8. The method for generating 3D content based on key point constraints as described in claim 7, characterized in that, The step of linearly fusing the fundamental implicit field, the local basis function values, and the solved combination coefficients to obtain the final implicit field includes: The local basis function values ​​are weighted and summed using the combined coefficients to output the constraint offset field; The basic implicit field and the constraint offset field are added and fused point by point to output the final implicit field that satisfies the target constraint value at each constraint point.

9. The method for generating 3D content based on key point constraints as described in claim 8, characterized in that, The step of extracting isosurfaces based on the final implicit field to obtain the 3D model and associated 3D content includes: Obtain the zero-level set target value of the final implicit field, where the zero-level set target value is zero; The dense query points sampled in the three-dimensional space are input into the final implicit field calculation framework after superposition to obtain the final signed distance function value corresponding to each dense query point, forming a three-dimensional scalar field. The three-dimensional scalar field and the target value of the zero level set are input into the traveling cube algorithm, and the positions of the isosurface vertices with a value of zero in the three-dimensional scalar field and the topological connectivity are determined by interpolation. Based on the vertex positions of the isosurfaces and the topological connectivity, a 3D model consisting of vertex coordinates and triangle patch indices, along with associated 3D content, is generated.

10. A 3D content generation system based on key point constraints, characterized in that, The key-point-constrained 3D content generation system includes: The data preprocessing module is used to obtain the set of constraint points and the corresponding target constraint values ​​of the 3D object to be generated; The diffusion generation module is used to encode the three-dimensional object to be generated into low-dimensional structure voxel latent variables, and to perform conditional denoising on the low-dimensional structure voxel latent variables in the latent variable space through a pre-trained diffusion model to obtain the target structure voxel latent variables. The basic decoding module is used to input the latent variables of the target structure voxel and the query point position in the latent variable space into the basic decoder to obtain the basic implicit field corresponding to the query point; The constraint decoding module is used to generate local basis function values ​​corresponding to each constraint point through a constraint basis function network based on the location information of the constraint point set and the location of the query point, and to perform spatial sparsification processing on the local basis function values ​​using a local kernel function.
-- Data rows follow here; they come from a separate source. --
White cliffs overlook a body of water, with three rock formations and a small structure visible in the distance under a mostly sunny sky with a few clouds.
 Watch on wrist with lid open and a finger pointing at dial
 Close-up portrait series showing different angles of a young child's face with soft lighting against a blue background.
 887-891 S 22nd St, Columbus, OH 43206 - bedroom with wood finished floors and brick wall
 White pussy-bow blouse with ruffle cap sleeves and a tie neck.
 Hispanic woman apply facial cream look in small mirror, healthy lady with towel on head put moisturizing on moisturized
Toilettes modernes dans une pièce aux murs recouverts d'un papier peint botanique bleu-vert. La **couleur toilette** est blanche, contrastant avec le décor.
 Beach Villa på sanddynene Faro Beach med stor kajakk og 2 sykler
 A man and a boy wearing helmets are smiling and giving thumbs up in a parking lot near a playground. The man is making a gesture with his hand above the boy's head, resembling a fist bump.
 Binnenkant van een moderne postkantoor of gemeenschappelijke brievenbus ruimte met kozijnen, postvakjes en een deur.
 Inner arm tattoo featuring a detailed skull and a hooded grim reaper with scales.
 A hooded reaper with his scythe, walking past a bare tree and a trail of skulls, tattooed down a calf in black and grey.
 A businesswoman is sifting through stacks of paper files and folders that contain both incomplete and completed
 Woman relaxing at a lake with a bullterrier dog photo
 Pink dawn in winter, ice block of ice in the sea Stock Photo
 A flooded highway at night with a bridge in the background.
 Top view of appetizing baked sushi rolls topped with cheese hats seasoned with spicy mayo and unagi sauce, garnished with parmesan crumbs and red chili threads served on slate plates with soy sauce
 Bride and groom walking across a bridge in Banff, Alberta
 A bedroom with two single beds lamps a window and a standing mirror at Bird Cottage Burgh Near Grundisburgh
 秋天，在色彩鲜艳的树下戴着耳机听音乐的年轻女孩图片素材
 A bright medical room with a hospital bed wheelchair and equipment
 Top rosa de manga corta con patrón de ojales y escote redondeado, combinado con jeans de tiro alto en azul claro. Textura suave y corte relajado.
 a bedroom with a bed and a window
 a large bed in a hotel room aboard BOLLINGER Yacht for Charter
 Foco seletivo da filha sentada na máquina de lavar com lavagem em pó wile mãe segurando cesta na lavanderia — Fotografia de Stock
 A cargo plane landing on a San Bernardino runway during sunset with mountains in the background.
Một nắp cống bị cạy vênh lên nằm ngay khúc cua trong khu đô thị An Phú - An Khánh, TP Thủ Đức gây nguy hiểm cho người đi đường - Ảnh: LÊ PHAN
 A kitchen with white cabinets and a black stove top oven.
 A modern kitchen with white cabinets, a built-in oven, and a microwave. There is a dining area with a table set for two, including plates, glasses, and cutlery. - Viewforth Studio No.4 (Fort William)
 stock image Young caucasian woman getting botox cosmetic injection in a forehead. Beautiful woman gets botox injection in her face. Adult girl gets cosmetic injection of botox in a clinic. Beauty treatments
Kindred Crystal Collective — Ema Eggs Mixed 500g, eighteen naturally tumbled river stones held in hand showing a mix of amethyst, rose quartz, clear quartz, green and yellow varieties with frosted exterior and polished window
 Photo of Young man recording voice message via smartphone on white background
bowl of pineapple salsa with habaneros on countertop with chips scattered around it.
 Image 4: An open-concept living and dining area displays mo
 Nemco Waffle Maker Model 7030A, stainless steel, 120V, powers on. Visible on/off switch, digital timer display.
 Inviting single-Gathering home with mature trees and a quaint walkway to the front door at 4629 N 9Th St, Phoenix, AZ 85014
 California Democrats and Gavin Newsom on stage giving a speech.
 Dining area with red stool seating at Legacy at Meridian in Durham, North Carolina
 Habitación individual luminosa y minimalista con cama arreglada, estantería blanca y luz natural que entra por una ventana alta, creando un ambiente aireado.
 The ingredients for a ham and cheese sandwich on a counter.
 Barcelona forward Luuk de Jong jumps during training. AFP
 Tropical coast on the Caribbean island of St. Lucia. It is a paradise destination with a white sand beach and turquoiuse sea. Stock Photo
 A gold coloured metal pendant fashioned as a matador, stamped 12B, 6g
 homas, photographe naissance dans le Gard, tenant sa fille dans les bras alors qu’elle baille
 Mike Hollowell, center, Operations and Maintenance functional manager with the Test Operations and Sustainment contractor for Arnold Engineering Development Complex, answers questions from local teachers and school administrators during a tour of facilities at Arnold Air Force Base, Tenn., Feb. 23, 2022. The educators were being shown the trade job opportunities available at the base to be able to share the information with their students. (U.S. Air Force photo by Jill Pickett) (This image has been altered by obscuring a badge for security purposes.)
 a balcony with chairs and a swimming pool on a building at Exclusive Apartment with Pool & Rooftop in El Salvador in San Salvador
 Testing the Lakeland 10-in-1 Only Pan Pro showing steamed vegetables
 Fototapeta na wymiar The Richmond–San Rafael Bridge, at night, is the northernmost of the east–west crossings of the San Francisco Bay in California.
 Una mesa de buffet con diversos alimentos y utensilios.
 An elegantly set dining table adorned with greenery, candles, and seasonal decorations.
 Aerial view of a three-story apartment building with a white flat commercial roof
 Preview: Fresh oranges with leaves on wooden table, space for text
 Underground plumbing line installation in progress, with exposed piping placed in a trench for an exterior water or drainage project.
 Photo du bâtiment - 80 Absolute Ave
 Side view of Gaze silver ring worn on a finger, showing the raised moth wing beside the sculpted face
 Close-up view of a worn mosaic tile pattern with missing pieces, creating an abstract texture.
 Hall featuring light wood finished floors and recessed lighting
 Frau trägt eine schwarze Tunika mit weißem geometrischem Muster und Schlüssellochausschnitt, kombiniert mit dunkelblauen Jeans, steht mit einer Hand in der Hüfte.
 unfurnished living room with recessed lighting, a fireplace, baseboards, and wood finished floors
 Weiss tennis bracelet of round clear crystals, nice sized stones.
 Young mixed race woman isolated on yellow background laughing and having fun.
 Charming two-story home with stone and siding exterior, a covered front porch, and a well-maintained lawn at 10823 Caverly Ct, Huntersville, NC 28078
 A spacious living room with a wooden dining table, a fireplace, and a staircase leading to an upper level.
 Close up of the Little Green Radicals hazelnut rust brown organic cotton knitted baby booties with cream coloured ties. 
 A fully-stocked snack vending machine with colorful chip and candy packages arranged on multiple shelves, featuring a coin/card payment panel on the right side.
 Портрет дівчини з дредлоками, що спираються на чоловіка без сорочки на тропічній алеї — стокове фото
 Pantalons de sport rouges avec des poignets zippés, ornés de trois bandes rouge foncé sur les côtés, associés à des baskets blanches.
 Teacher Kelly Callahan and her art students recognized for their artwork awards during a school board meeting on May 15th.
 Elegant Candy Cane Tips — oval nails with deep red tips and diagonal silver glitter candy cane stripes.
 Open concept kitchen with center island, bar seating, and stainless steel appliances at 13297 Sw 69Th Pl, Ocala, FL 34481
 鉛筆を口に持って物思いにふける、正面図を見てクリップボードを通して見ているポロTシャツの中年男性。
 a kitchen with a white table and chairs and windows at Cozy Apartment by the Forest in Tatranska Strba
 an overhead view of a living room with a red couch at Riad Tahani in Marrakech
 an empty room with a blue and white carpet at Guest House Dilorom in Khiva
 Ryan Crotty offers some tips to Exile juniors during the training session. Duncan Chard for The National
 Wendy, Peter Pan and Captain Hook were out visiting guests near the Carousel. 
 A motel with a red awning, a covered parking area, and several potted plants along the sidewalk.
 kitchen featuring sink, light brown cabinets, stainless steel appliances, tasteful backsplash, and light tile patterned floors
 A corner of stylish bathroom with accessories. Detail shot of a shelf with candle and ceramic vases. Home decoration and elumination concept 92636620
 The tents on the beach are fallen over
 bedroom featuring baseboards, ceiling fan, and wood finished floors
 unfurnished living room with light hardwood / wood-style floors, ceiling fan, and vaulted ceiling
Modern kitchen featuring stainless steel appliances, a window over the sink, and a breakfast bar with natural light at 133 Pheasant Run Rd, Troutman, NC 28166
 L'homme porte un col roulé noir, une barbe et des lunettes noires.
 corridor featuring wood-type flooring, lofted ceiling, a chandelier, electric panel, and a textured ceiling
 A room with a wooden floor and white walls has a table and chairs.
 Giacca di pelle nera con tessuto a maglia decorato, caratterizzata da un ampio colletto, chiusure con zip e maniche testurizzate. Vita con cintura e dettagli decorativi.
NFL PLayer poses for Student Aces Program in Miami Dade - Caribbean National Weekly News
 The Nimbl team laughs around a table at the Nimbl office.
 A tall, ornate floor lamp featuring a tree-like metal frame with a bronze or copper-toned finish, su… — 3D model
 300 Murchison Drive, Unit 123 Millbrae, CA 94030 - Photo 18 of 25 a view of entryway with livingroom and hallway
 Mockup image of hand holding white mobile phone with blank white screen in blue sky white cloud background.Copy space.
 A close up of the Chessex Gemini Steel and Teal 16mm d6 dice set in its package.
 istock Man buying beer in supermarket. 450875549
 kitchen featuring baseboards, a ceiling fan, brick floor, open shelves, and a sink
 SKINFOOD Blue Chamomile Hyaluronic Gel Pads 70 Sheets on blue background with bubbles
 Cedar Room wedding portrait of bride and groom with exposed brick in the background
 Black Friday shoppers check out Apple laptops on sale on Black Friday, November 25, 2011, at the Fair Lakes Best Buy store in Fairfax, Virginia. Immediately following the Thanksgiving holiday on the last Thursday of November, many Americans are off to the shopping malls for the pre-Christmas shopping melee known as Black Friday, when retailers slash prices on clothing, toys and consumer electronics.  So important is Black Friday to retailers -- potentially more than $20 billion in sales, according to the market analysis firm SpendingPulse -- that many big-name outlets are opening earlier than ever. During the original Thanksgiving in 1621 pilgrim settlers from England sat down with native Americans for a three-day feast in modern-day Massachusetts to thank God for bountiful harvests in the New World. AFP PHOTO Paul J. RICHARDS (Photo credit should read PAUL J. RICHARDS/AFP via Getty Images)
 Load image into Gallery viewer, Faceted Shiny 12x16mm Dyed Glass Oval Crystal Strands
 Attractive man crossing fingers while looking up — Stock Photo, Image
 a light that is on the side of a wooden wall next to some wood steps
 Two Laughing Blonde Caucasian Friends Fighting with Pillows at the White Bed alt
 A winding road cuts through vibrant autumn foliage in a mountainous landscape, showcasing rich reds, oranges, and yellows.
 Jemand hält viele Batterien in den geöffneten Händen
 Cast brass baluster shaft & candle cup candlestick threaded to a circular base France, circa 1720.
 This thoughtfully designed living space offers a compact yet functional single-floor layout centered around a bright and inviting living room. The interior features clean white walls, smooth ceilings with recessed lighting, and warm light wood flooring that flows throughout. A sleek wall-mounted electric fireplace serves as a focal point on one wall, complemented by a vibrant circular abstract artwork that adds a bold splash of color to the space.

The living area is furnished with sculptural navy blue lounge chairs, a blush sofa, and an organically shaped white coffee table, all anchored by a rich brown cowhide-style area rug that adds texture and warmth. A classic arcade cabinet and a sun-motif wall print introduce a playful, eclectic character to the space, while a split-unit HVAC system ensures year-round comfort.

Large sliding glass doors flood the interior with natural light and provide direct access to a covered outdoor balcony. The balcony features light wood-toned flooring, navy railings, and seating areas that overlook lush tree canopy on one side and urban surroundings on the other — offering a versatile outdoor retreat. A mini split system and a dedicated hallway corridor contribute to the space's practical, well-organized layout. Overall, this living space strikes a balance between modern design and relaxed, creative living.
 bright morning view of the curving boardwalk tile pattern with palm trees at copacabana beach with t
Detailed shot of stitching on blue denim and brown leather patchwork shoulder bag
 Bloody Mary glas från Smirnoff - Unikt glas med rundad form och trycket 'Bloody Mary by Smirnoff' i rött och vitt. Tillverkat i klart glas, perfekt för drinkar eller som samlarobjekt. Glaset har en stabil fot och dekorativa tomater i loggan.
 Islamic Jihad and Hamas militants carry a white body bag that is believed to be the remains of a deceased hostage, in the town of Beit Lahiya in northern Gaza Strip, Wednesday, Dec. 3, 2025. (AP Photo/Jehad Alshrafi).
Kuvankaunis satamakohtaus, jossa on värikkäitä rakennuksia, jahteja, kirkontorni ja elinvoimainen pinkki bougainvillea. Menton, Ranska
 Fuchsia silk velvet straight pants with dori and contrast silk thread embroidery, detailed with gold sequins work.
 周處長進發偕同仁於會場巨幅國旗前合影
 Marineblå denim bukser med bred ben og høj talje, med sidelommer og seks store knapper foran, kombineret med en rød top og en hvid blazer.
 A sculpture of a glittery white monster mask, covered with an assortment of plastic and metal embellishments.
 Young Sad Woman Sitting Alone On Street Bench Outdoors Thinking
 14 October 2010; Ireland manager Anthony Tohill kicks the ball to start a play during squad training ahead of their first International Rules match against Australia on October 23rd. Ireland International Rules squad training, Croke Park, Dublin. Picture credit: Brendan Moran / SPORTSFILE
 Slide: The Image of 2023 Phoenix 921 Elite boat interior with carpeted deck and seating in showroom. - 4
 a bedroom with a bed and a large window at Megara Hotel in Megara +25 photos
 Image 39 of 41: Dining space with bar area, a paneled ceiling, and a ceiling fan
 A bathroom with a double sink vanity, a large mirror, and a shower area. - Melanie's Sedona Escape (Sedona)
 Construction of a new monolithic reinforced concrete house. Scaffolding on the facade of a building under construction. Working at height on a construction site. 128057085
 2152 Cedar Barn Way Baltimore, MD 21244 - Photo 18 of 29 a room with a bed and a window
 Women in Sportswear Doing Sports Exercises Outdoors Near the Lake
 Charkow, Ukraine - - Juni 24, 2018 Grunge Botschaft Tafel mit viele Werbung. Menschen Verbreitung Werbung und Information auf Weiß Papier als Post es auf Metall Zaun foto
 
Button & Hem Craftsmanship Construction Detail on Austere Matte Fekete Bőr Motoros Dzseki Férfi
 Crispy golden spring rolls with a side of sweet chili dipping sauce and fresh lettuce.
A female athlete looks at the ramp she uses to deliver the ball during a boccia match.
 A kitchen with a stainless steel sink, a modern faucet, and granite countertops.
The linear calculation module is used to construct a system of linear equations about the combination coefficients of the basis functions based on the local basis function values ​​after sparsification and the target constraint values, and to calculate the combination coefficients by a differentiable linear solver. The linear fusion module is used to linearly fuse the basic implicit field, the local basis function values, and the solved combination coefficients to obtain the final implicit field. The model generation module is used to extract isosurfaces based on the final implicit field to obtain a three-dimensional model and associated three-dimensional content.